What percentage of the people covered by deinstitutionalization consists of men like Laugher?
There is no way of measuring that. The nature of mental illness and how we define and treat it has changed so much that it is difficult to measure who would or would have been institutionalized.
But it is pretty damn low. We've got oh, a dozen or so mass shooters who are clearly mentally ill over a period of a couple of years, against tens of thousands of people who are or have been treated for psychiatric problems on an inpatient basis, many of whom may have been candidates for institutionalization in the past.
The prison problem is multi-faceted.
First, prisons, like any ongoing stressor, can induce or exacerbate mental illness in someone who may be vulnerable. Prison is not exactly the kind of place and lifestyle that is conducive to peace of mind. What would be easily manageable on the outside may be a disabling problem on the inside. What would not be noticed or measured on the outside becomes more obvious on the inside. I've lost count of the number of me who have drifted in and out of my life who have some pretty serious mental health problems that they won't seek treatment for--that is less the case in prison. Fewer incentives for avoiding treatment, perhaps more incentives for seeking treatment, and seriously exacerbating conditions.
Second, it's real easy to scam a mental health provider. If I was in prison, you bet I'd be scamming all the psych meds I could, just to keep awareness as low as possible.
Third, poor people are convicted more and receive longer sentences than financially stable people. Mentally ill people are generally poorer than people without mental illness.
Fourth, mentally ill people are convicted more than non-mentally ill people. Mental illness can look scary.

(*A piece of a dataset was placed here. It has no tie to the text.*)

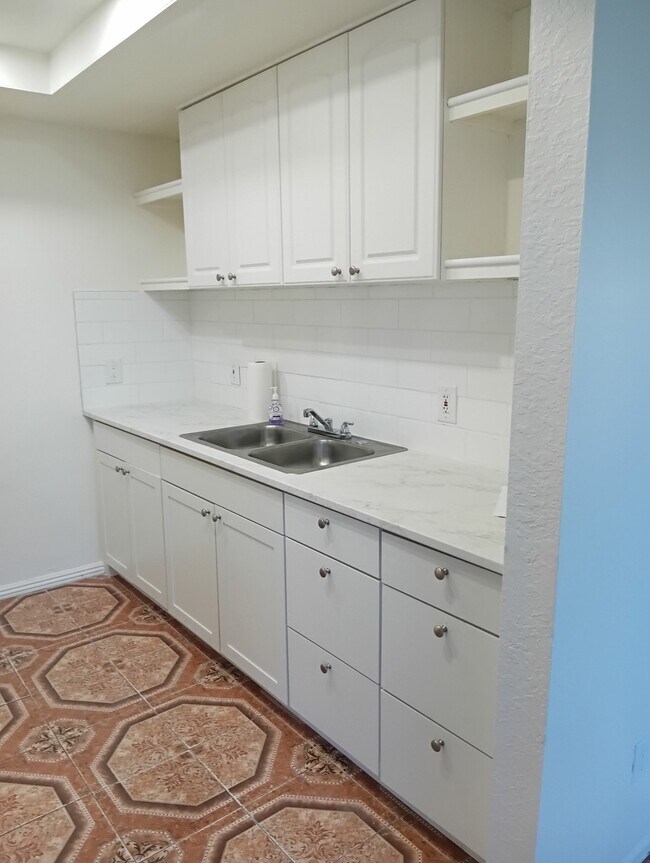 Building Photo - 66635 Ironwood Dr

Fifth, and this is one that bugs the heck out of me personally, we seem to have confused evil and mental illness. Enjoying slicing people up and eating their faces does not a mental illness make, but when reads reports of such things, the immediate response is often "That guy is clearly crazy." No, that guy is clearly evil. Being different in a repulsive way is not necessarily mental illness. Sometimes it's just being evil. Of course, there are bona fide "illnesses" listed in the DSM that generally cause no distress to their "sufferers", do not appear to be treatable via medication or therapy, and the diagnostic criteria mostly consist of various ways in which in the individual is an real bastard. I'm not convinced that those belong in the DSM.
I'm not suggesting that Loughner is not bugnuts insane, but I don't know enough to say that he is, either. I know he talked about hurting people, threatened people, and liked reading crude expressions of politically-based hatred. I don't see how those things indicate mental illness. (Disclaimer: I know some people here have looked at the guy's writing and concluded he was nuts, along the lines of "time is cubed" [thanks, Fistful], and I don't dispute that, I am just saying that enthusiasm about violence and having random thoughts about lashing out at a variety of people is not a mental illness. It probably indicates someone who is a bad person and who does not have many critical thinking skills.

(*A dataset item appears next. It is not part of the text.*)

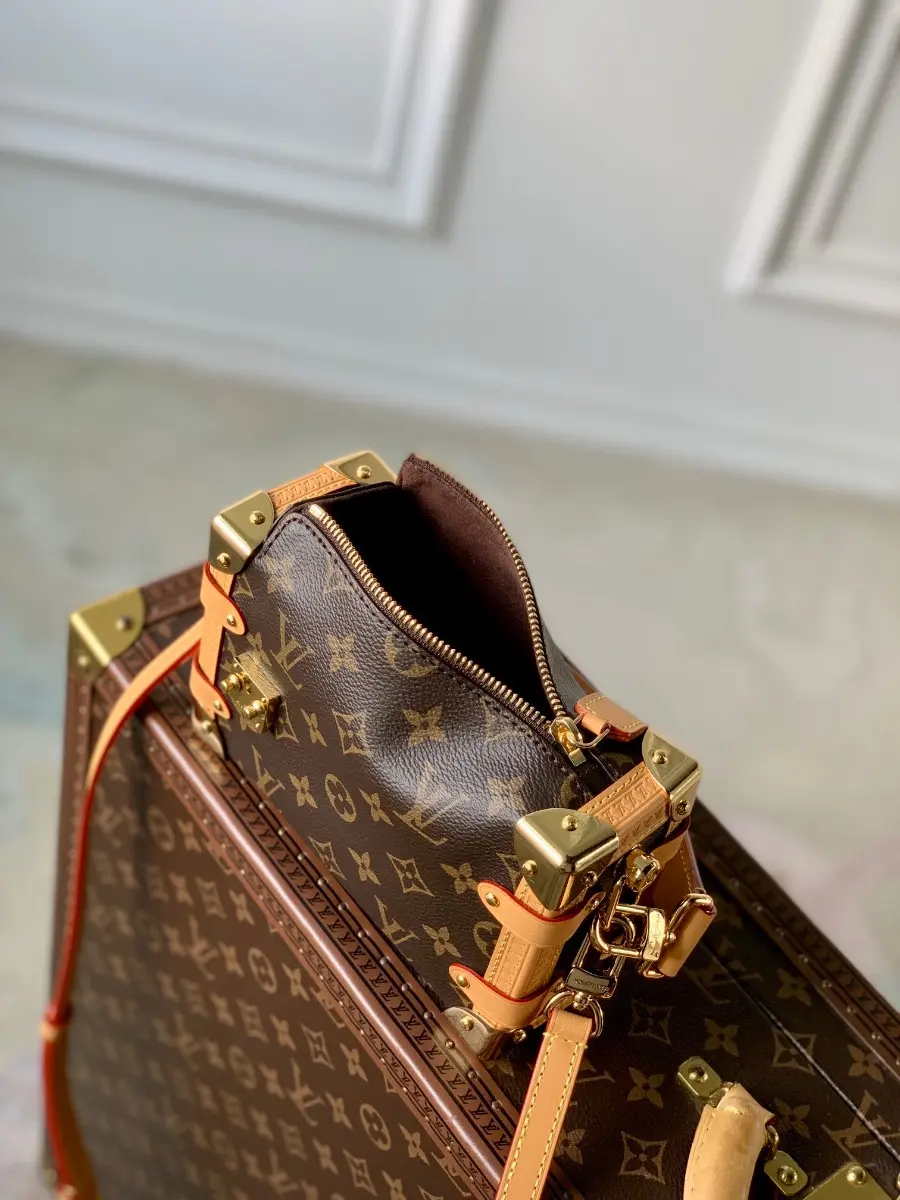 monogram canvas side trunk pm handbag m46815 4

However, I'm not disputing the statement that some people with mental illness are violent and that their violence may be related to delusions or lack of appropriate social skills or self-control, but the problem of mental illness in prisons is about a lot more than deinstitutionalization. I notice that the graph of murder rates show less direct correlation. The murder rate is also a pretty complicated problem, and a lot of whole murders are also drug-related--often a result of criminalization. I would be really interested in seeing a breakdown of what sort of murders those are--gang/drug violence, domestic violence, felony murder incident to burglary or armed robbery, or crazy dude randomly shooting people because he thinks God told him to.

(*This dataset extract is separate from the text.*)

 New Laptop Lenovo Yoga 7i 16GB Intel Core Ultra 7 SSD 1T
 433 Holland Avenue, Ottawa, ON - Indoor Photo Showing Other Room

About those graphs: There are a whole lot of other factor that affect the prison population size and its growth since the early 80's, like the War on Drugs and the growing acceptance of expanding and expanding again and expanding again what is a felony and can lead to prison times. When some of the most onerous mandatory minimum laws were repealed, they were replaced by growing numbers of small-time MJ growers/sellers/users being imprisoned, and the number of other non-drug-related felonies growing exponentially.
Further, the vast majority of people in mental institutions during the age of institutions were not violent; I don't doubt that many who were, and who were released or not institutionalized, committed some murders. I don't suppose you have a graph that breaks down institutionalization in mental institutions and prison by sex? That might be interesting.